** Crawled caption data **
##############################
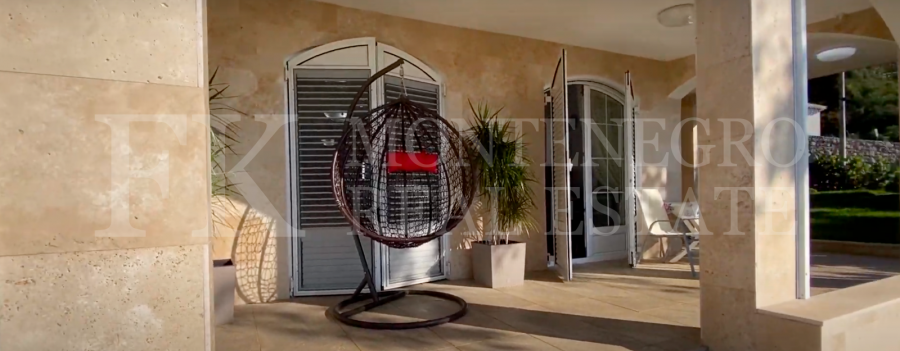 Prekrasna Vila,440m2, u Budvi-Prijevoru sa Pogledom na More i Blizinom Plaže, Montenegro.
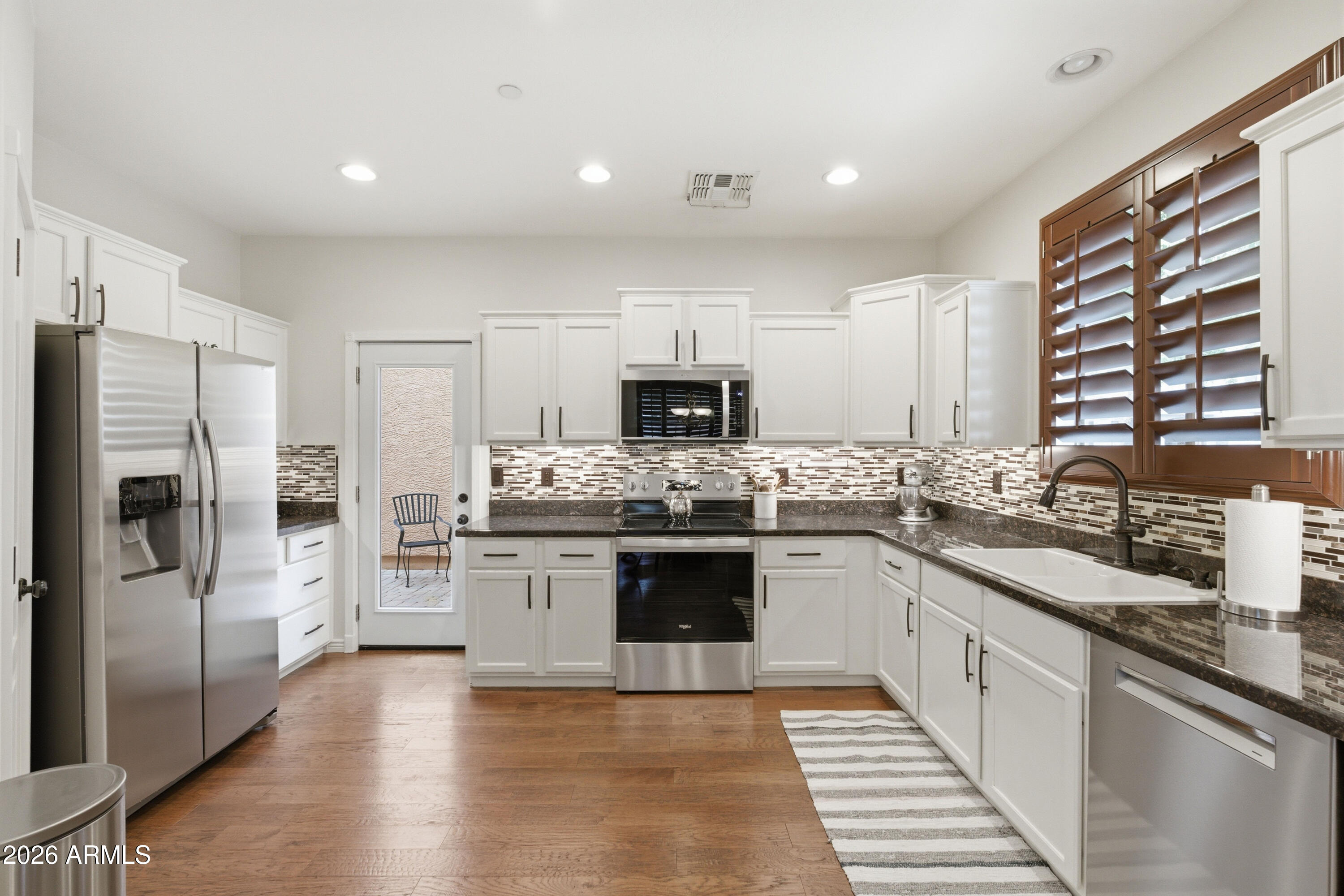 3927 South Rim Road Gilbert, AZ 85297 - Photo 4 of 45 2f kitchen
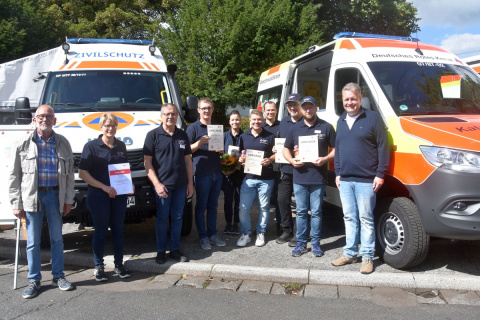 Fahrzeugsegnung und Ehrungen: Gro�e Feierstunde f�r DRK Rennerod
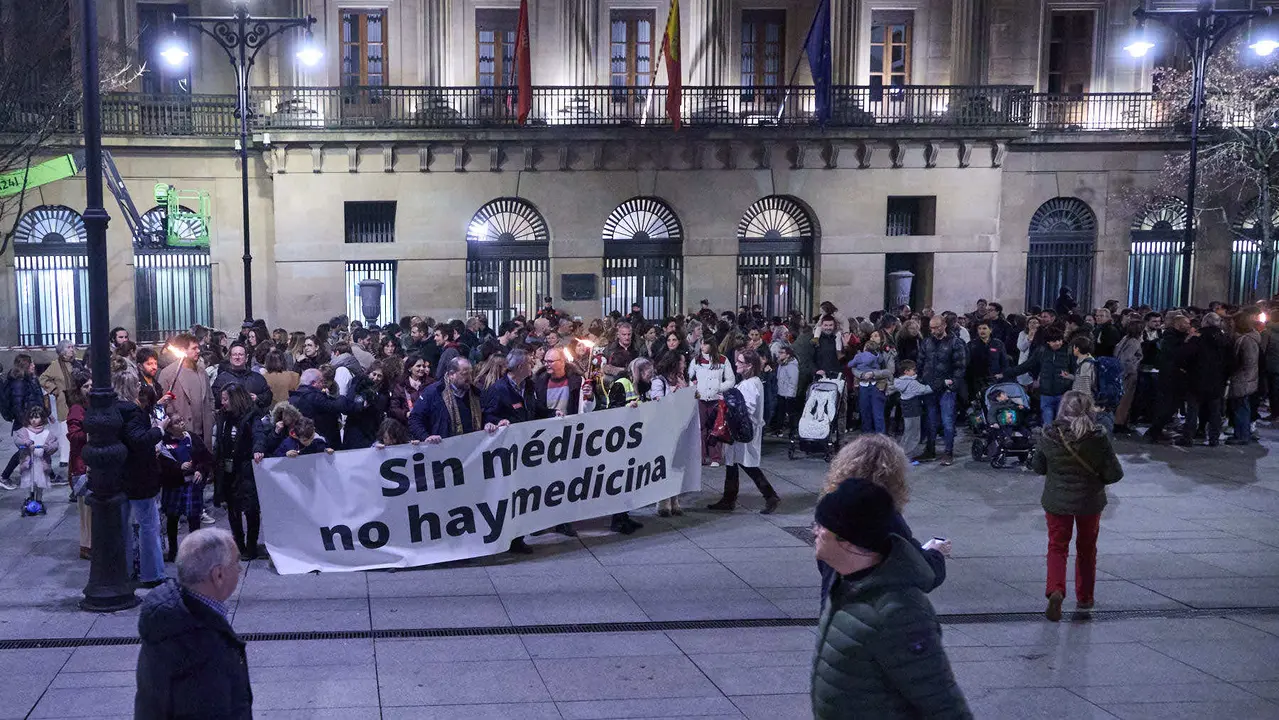 Manifestaci&oacute;n de apoyo al colectivo m&eacute;dico convocada por el Sindicato M&eacute;dico de Navarra (SMN) y el Colegio Oficial de M&eacute;dicos de Navarra. I&Ntilde;IGO ALZUGARAY
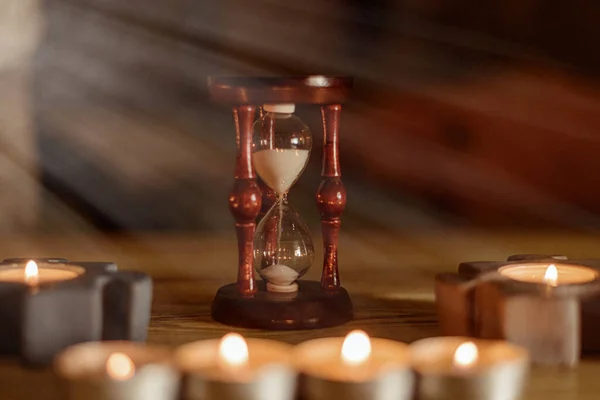 时间的概念 沙漏和燃烧的蜡烛 — 图库照片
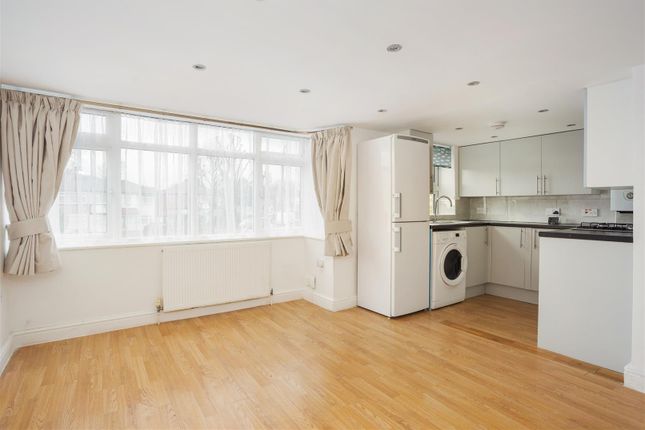Lee Road, Perivale Greenford photo 3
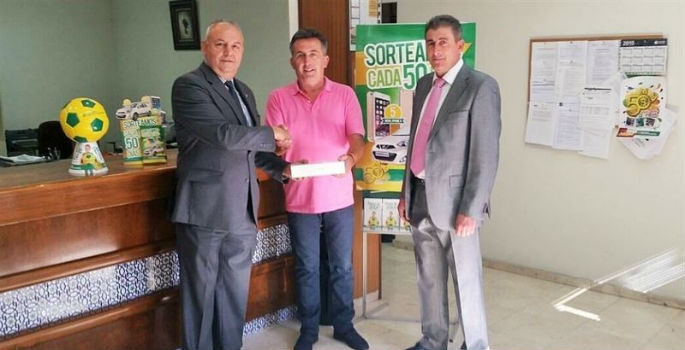 Sorpresa para un jadraqueño cliente de Caja Rural de Castilla-La Mancha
##############################
** WORK INSTRUCTIONS **
Pictures omitted, give the entries again exactly.

** TASK RESULT **
 Prekrasna Vila,440m2, u Budvi-Prijevoru sa Pogledom na More i Blizinom Plaže, Montenegro.
 3927 South Rim Road Gilbert, AZ 85297 - Photo 4 of 45 2f kitchen
 Fahrzeugsegnung und Ehrungen: Gro�e Feierstunde f�r DRK Rennerod
 Manifestaci&oacute;n de apoyo al colectivo m&eacute;dico convocada por el Sindicato M&eacute;dico de Navarra (SMN) y el Colegio Oficial de M&eacute;dicos de Navarra. I&Ntilde;IGO ALZUGARAY
 时间的概念 沙漏和燃烧的蜡烛 — 图库照片
Lee Road, Perivale Greenford photo 3
 Sorpresa para un jadraqueño cliente de Caja Rural de Castilla-La Mancha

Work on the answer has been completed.